= WHAT THE TASK ASKS =
Both the line with "administrator, you see counts of the number of Newly Infected" and the line with "Managed antivirus blocked" in the records below must appear in the output, along with every line between them, exactly and with nothing added.
-------- GIVEN DATA --------
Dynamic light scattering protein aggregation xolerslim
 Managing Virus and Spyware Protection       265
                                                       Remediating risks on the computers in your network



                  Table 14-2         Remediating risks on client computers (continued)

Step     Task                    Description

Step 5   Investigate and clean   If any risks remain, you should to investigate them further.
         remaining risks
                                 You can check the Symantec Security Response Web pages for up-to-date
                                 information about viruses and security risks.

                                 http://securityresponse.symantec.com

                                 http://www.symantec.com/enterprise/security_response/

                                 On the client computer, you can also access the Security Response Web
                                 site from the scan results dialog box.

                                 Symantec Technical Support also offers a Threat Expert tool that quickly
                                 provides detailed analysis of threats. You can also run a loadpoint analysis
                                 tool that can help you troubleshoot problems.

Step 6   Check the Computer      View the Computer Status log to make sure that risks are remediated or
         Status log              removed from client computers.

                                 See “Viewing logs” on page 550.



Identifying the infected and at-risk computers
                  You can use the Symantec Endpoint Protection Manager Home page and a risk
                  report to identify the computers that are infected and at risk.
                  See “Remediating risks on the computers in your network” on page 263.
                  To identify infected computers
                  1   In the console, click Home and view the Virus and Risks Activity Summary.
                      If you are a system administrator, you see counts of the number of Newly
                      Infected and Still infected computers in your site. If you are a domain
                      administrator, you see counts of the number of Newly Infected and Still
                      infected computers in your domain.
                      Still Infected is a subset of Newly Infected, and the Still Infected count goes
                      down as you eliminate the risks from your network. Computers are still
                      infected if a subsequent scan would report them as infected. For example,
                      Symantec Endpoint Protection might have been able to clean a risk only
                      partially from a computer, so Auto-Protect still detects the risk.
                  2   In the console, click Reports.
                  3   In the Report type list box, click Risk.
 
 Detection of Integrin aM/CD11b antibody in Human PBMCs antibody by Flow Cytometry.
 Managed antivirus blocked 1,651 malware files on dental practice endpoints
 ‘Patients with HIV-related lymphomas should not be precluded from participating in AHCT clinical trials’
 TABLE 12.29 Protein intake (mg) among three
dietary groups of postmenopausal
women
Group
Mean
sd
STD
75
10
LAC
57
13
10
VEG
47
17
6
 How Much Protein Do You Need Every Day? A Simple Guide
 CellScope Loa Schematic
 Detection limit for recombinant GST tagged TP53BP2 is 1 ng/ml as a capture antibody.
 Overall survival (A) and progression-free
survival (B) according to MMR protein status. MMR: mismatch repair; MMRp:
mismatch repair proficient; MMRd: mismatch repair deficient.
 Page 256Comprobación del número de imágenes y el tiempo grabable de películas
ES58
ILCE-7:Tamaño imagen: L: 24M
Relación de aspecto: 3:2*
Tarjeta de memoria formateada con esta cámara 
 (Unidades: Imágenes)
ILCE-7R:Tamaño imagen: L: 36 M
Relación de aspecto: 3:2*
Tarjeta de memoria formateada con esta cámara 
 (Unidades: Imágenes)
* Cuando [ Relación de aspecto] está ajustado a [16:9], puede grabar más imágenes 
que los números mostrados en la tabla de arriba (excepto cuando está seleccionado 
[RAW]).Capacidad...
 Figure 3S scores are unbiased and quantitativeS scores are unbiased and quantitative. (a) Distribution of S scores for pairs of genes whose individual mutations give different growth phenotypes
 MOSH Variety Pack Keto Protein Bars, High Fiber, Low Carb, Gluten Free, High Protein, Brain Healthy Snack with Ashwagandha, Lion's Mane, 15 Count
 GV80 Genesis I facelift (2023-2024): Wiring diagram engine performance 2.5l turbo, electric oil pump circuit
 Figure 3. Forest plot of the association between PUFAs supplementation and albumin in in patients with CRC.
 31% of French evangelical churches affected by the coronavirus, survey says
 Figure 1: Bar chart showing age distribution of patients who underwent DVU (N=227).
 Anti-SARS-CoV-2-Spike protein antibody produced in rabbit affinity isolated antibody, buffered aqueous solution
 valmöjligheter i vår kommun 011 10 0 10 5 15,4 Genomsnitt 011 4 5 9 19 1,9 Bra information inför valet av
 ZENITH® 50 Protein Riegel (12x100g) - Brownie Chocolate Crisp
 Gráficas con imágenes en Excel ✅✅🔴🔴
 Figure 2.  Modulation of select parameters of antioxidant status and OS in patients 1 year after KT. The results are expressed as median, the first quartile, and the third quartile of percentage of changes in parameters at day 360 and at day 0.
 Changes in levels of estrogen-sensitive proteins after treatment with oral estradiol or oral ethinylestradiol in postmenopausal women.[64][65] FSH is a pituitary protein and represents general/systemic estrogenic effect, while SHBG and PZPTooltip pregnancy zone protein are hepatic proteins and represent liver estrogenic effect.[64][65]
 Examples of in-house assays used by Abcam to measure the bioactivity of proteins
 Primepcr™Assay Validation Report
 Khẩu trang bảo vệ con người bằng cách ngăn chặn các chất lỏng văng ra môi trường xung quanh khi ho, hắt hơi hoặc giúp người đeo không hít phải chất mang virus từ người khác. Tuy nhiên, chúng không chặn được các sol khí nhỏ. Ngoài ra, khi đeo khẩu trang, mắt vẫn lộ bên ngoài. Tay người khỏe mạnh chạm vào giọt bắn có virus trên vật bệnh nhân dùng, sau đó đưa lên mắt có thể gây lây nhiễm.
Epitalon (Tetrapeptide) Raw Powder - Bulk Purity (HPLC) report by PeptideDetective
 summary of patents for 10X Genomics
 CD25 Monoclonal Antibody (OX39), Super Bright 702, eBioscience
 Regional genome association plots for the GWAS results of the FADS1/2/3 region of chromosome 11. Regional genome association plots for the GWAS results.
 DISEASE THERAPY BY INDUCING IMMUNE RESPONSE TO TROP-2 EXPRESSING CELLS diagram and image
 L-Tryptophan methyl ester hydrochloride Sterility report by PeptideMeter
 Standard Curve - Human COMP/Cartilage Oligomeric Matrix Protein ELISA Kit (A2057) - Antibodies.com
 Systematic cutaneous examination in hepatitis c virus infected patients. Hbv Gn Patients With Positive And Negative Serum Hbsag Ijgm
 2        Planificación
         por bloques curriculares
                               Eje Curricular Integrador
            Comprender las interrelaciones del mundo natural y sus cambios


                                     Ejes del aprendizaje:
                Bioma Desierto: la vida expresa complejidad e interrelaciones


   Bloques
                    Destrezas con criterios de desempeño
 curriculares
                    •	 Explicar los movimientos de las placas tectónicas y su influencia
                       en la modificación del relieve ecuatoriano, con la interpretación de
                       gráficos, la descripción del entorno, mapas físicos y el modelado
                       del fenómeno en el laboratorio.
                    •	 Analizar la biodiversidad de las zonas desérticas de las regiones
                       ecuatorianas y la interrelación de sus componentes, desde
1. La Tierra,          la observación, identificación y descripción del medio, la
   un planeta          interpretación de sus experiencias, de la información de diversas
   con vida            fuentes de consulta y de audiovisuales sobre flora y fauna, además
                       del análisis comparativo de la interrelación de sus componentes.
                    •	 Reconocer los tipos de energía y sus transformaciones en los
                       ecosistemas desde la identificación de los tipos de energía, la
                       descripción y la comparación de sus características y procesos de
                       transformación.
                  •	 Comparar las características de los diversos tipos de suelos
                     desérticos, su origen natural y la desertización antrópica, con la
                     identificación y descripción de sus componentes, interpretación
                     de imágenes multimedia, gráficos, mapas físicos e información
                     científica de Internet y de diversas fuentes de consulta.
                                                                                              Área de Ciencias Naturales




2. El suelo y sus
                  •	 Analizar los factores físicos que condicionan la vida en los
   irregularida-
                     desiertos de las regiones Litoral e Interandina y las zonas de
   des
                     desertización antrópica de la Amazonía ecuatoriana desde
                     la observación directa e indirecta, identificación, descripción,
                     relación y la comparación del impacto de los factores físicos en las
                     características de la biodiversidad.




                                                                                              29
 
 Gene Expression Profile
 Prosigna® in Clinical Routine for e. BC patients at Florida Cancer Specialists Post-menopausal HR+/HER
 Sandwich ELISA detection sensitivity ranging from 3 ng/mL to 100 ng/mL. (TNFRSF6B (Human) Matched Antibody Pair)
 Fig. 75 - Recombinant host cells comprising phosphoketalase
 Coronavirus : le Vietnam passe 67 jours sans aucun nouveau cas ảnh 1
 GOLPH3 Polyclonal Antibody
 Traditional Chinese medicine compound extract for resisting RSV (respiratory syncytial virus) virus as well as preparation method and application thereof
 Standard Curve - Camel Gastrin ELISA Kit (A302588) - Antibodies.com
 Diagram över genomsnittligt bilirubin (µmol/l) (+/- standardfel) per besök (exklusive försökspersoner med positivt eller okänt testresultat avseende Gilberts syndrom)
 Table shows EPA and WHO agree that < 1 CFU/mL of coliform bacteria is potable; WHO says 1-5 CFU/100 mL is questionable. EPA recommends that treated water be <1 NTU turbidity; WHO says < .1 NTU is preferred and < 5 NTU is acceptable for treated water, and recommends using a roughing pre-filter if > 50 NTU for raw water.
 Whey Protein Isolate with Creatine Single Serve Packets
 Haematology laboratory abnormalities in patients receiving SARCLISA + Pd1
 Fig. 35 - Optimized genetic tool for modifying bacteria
--------
= ANSWER AREA =
                      administrator, you see counts of the number of Newly Infected and Still
                      infected computers in your domain.
                      Still Infected is a subset of Newly Infected, and the Still Infected count goes
                      down as you eliminate the risks from your network. Computers are still
                      infected if a subsequent scan would report them as infected. For example,
                      Symantec Endpoint Protection might have been able to clean a risk only
                      partially from a computer, so Auto-Protect still detects the risk.
                  2   In the console, click Reports.
                  3   In the Report type list box, click Risk.
 
 Detection of Integrin aM/CD11b antibody in Human PBMCs antibody by Flow Cytometry.
 Managed antivirus blocked 1,651 malware files on dental practice endpoints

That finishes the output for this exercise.